Excerpts from a dataset:
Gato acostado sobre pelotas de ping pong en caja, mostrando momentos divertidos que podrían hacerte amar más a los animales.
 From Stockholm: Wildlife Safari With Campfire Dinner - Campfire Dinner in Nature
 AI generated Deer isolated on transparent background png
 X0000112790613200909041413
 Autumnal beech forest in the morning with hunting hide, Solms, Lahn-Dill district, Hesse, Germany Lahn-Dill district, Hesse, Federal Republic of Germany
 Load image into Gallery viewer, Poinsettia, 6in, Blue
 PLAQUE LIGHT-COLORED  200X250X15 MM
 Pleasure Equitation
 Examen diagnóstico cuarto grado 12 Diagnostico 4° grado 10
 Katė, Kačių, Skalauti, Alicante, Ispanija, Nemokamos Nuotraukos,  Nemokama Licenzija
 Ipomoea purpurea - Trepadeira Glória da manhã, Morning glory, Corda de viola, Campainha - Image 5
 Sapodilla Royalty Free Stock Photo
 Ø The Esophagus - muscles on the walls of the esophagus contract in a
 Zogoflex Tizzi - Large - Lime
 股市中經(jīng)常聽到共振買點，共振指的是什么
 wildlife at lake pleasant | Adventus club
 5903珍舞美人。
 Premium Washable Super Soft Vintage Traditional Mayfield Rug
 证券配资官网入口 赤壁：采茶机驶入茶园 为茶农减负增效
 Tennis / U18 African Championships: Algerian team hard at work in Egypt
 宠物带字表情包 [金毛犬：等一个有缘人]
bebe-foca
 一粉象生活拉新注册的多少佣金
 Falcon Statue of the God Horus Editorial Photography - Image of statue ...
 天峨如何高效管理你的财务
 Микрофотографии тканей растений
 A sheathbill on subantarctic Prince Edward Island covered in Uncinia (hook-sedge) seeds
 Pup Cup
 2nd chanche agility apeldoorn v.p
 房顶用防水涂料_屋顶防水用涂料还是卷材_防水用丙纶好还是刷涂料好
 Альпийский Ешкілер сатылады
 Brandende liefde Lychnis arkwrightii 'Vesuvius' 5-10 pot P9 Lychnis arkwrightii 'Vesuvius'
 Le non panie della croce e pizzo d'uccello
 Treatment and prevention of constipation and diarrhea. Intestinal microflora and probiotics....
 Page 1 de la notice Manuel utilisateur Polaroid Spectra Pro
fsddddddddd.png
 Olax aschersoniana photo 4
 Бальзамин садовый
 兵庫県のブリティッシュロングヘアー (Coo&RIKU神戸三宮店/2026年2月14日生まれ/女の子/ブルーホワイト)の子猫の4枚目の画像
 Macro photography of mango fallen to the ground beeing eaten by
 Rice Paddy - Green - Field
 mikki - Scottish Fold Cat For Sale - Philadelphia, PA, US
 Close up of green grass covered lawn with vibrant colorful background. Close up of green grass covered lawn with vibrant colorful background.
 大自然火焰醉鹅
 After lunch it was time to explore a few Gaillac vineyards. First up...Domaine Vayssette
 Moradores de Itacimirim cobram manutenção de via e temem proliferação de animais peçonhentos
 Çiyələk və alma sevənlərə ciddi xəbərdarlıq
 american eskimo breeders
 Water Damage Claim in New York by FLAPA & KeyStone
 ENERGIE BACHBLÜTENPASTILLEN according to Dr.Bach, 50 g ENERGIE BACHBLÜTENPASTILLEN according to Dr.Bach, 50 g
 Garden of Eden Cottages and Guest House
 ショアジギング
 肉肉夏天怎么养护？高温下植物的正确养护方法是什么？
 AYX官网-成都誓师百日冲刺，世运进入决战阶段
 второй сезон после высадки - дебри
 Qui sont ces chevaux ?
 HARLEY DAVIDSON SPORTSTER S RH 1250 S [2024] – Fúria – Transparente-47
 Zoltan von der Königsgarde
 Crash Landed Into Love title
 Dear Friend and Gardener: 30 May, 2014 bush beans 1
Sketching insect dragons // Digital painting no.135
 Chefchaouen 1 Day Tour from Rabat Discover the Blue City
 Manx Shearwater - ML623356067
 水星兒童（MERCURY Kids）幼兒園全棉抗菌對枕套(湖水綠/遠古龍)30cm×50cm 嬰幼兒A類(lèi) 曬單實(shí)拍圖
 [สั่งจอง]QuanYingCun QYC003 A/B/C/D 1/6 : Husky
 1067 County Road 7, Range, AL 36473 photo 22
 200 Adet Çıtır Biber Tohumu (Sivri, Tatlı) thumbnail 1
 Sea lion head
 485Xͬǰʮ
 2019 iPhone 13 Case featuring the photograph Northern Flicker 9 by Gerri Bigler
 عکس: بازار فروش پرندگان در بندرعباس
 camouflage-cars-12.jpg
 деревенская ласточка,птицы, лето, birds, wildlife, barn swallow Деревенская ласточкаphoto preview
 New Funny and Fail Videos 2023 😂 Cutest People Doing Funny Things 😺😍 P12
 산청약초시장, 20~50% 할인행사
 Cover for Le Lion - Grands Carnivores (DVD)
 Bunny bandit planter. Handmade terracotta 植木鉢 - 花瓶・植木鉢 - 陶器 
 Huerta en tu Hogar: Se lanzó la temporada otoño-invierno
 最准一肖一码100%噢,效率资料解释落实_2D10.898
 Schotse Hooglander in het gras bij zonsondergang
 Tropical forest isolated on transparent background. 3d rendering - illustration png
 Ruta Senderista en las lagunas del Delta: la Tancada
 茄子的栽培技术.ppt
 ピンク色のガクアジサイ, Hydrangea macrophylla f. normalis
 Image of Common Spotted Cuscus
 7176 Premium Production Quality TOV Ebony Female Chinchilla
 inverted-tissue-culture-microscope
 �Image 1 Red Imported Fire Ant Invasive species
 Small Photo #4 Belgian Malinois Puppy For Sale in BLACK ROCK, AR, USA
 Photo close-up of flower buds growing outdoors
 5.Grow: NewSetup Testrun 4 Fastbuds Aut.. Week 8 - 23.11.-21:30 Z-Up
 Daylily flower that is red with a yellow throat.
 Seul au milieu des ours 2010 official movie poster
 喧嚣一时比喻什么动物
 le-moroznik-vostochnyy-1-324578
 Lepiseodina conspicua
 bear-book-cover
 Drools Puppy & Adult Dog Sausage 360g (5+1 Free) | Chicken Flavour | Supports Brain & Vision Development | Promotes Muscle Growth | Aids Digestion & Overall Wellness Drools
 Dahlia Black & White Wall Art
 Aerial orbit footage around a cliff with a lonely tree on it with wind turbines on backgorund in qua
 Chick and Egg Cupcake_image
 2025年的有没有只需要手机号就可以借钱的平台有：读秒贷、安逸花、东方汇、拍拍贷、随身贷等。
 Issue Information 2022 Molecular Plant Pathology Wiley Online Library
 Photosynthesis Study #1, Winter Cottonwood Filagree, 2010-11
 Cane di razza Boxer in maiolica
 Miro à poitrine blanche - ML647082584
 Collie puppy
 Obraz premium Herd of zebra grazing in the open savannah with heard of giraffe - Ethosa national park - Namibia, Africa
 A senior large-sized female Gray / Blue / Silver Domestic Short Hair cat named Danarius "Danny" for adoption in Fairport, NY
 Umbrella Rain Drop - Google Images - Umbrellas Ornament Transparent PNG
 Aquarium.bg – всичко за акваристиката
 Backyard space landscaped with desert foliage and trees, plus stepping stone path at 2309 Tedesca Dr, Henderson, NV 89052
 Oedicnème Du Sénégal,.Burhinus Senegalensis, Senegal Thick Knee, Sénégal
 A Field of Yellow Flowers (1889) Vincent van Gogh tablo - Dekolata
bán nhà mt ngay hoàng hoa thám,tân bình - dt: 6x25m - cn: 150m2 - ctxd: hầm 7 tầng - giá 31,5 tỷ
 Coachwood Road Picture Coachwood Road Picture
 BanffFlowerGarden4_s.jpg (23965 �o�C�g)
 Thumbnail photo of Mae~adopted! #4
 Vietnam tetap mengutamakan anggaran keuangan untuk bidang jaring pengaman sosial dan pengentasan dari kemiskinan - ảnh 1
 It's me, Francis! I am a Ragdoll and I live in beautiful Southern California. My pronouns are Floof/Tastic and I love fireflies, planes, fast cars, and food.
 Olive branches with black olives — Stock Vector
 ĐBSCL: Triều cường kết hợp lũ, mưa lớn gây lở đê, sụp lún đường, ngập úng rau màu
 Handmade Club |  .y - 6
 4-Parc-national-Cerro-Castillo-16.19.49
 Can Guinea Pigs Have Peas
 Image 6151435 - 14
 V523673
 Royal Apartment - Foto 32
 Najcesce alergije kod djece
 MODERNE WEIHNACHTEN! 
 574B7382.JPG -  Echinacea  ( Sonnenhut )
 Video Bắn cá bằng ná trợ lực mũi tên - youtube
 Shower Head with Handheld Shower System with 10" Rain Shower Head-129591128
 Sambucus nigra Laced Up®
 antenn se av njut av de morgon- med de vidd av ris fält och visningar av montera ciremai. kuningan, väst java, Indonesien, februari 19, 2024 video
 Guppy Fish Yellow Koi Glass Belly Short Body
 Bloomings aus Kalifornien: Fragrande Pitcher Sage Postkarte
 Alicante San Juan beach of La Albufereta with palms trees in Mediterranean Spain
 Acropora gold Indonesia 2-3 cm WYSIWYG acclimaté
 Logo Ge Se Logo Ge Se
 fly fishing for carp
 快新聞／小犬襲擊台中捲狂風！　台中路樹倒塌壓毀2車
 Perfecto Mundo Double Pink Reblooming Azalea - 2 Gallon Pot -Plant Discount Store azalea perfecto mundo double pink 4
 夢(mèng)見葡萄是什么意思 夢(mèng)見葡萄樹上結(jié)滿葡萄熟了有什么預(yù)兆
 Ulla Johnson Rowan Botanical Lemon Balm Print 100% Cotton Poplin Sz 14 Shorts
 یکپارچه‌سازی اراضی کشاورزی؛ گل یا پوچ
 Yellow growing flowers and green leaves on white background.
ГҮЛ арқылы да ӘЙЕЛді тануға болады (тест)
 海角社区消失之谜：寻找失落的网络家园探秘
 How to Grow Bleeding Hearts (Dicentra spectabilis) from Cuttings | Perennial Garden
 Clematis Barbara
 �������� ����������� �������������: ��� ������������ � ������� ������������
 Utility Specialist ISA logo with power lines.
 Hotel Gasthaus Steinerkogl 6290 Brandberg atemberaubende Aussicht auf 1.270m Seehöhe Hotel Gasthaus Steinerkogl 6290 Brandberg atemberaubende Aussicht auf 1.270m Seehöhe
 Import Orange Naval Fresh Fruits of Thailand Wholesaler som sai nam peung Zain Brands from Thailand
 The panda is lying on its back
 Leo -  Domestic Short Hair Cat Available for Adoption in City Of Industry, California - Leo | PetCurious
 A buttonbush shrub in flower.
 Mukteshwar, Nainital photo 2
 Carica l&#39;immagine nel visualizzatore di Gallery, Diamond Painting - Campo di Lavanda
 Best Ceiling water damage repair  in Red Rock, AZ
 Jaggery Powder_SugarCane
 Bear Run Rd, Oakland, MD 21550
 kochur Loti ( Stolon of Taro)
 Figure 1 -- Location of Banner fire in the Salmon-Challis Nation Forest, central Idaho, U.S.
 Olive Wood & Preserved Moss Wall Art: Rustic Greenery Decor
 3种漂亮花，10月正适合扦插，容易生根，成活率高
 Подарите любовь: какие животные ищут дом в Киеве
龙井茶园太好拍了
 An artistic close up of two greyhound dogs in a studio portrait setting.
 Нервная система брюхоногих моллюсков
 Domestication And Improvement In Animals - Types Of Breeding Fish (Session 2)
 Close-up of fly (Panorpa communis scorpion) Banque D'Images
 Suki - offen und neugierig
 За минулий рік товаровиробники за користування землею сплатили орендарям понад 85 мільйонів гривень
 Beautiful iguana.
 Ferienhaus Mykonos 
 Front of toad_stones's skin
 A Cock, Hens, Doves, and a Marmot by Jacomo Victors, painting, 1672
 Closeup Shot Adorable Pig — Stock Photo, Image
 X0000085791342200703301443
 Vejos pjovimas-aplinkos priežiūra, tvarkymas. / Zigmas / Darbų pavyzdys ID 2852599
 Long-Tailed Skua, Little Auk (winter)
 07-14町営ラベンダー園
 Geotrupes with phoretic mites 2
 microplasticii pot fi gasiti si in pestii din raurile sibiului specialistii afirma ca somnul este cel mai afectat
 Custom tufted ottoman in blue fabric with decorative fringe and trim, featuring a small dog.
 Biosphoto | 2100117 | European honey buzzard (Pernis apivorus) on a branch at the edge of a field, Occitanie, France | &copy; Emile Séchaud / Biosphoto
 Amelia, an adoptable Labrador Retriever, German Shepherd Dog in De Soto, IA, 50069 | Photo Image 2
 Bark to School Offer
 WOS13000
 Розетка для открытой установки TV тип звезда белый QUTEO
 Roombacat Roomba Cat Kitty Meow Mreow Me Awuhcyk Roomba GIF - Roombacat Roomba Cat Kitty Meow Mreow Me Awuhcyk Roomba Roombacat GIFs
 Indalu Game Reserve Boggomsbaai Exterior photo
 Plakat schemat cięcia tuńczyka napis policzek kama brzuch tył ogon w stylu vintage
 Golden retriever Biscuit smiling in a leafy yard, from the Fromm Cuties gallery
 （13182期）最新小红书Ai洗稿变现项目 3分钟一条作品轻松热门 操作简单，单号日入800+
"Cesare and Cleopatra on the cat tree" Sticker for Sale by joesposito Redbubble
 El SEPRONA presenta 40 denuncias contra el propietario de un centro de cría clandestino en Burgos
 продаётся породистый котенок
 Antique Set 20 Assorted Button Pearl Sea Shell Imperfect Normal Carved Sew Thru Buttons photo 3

> Your instructions
Set down, exactly as written, each line of the data from its opening line through the one containing "Autumnal beech forest". Output nothing more.

> Result below
Gato acostado sobre pelotas de ping pong en caja, mostrando momentos divertidos que podrían hacerte amar más a los animales.
 From Stockholm: Wildlife Safari With Campfire Dinner - Campfire Dinner in Nature
 AI generated Deer isolated on transparent background png
 X0000112790613200909041413
 Autumnal beech forest in the morning with hunting hide, Solms, Lahn-Dill district, Hesse, Germany Lahn-Dill district, Hesse, Federal Republic of Germany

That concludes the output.